'It's quite the shock': Returning from the backcountry to a ransacked SUV

Laura Kanik's vehicle was missing from the Peyto Lake parking lot when she returned from a three-day trip. It was found later, abandoned with a smashed window.

RCMP say lock up the vehicle and don't leave valuables in sight when heading into the wilds

Laura Kanik parked her SUV at the Peyto Lake parking lot in Banff National Park and went on the Wapta traverse trip. Three days later she discovered her older-model SUV had been broken into and left running ten kilometres down the road. (Canadian Press)

Lake Louise RCMP are reminding drivers not to leave valuables in their vehicles when they head out into the backcountry.

The warning was prompted by the experiences of Laura Kanik, who posted on social media about having her SUV ransacked while she was skiing in the wilderness.

She'd parked her older-model SUV at the Peyto Lake parking lot in Banff National Park in late April. When she returned from a three-day traverse with friends, she discovered her vehicle was gone.

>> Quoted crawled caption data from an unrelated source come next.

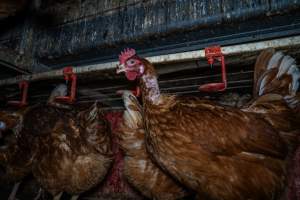 Hen with missing feathers on neck - Farm Pride supplies free range and cage free eggs to major supermarkets under their own brand and is also a supplier for Coles brand free range eggs. Their Bears Lagoon farm supplies free range eggs from a system described by The Age as 'intensive free-range farming.'
In these sheds tens of thousands of birds struggle for space in filthy sheds. Hens showed evidence of reproductive illnesses and feather pecking, including missing feathers from their wings and necks. One chicken was filmed with a twisted, deformed leg, while others showed clear signs of being bullied by being pecked by other chickens.
On this farm investigators entered an empty shed where hens had been 'depopulated,' to be taken to slaughter. Two chickens had been left behind and were found huddled in the empty stacks, missing almost all of the feathers from their backs and necks. In another shed hens were found to be laying jelly-like, soft shelled eggs, an indication of nutrition deficiencies and stress. Hens would fight to eat these eggs, a valuable source of calcium in their otherwise deprived diets. - Captured at Farm Pride Bears Lagoon - Site 1, Bears Lagoon VIC Australia.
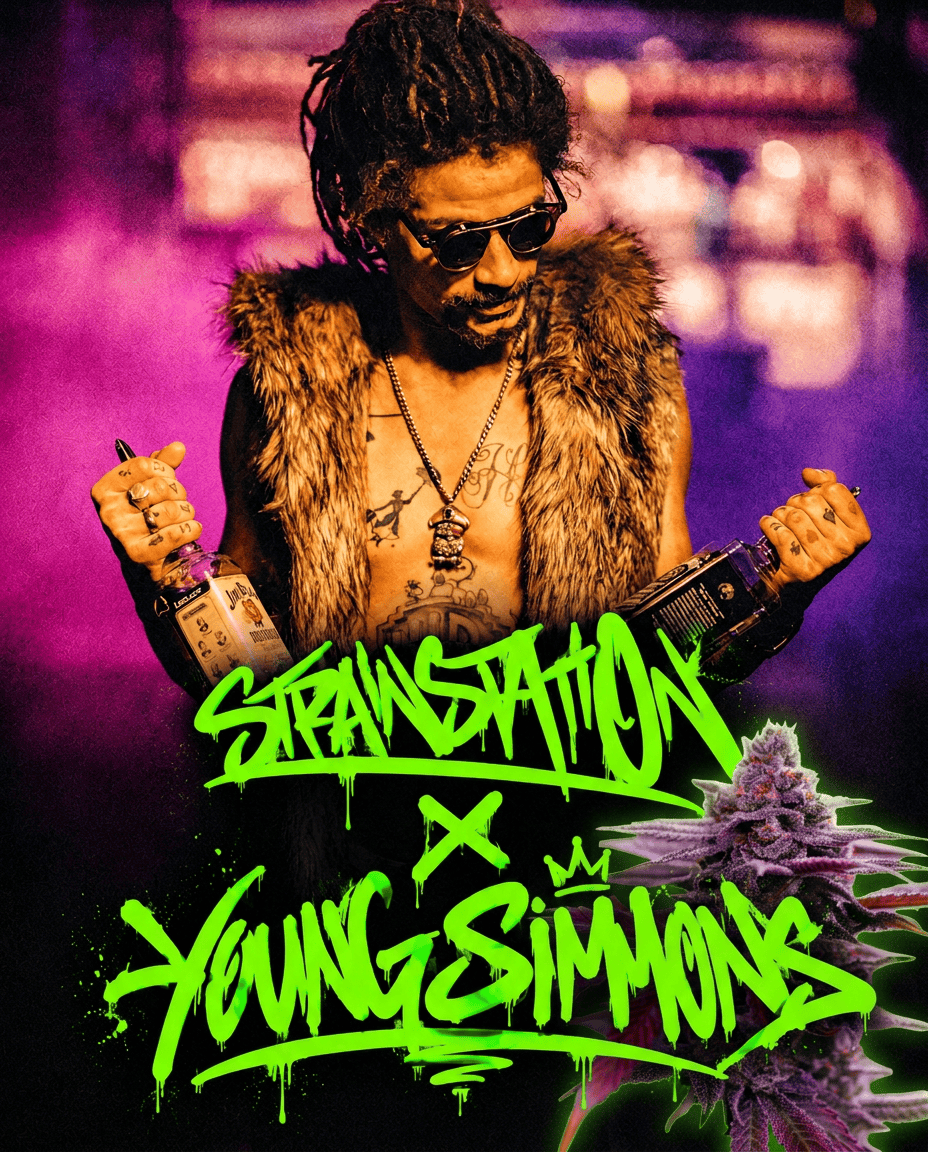 Strain Station Seeds Young Simmons feminisoidut siemenet 5 kpl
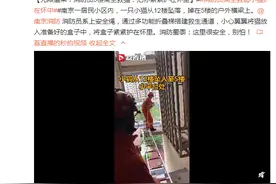 无限温柔！消防员5楼高空救猫：把你紧紧护在怀里图片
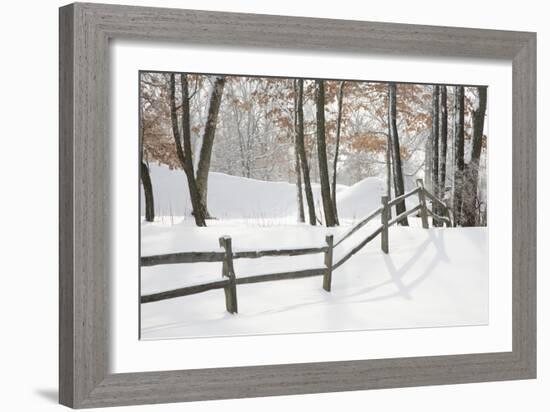 Winter Fence & Shadow, Farmington Hills, Michigan ‘09-Monte Nagler-Framed Photographic Print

"It's quite the shock to come back from the backcountry and you kind of think you are almost home, almost eating that burger that you wanted, and then your car is gone," Kanik told the Calgary Eyeopener.

SUV found by RCMP

Eventually she found her SUV at a parking lot 10 kilometres away, with a smashed window and a kitchen knife mysteriously left on the hood. A note from the RCMP said the SUV had been left running, and so they'd taken the key to the station.

"Of course you are trying to make sense of those kind of irrational actions. Maybe they got in the car and realized it wasn't worth stealing, but obviously they left in a hurry," said Kanik, who lives in Golden, B.C.

Kanik regrets leaving the key in the glove box, but she says she has talked to other backcountry enthusiasts who leave spares in or around their vehicles in case they lose their keys out on the trail.

Nothing valuable was inside her SUV so very little was stolen, she said, but her post about the incident on a Facebook group prompted similar stories from other backcountry users.

Don't leave behind valuables

RCMP Sgt. Gerald Walker reminds visitors about taking precautions.

"These sort of incidents are kind of opportunistic, right? So when you do park for a length of time — and any period of time really — you don't want to leave valuables in sight. You want to lock your doors on your vehicles and remove the temptation," he said.

"That's the nature of today. You need to keep that in mind everywhere. It doesn't happen to you 99 per cent of the time and when you least think of it, it does."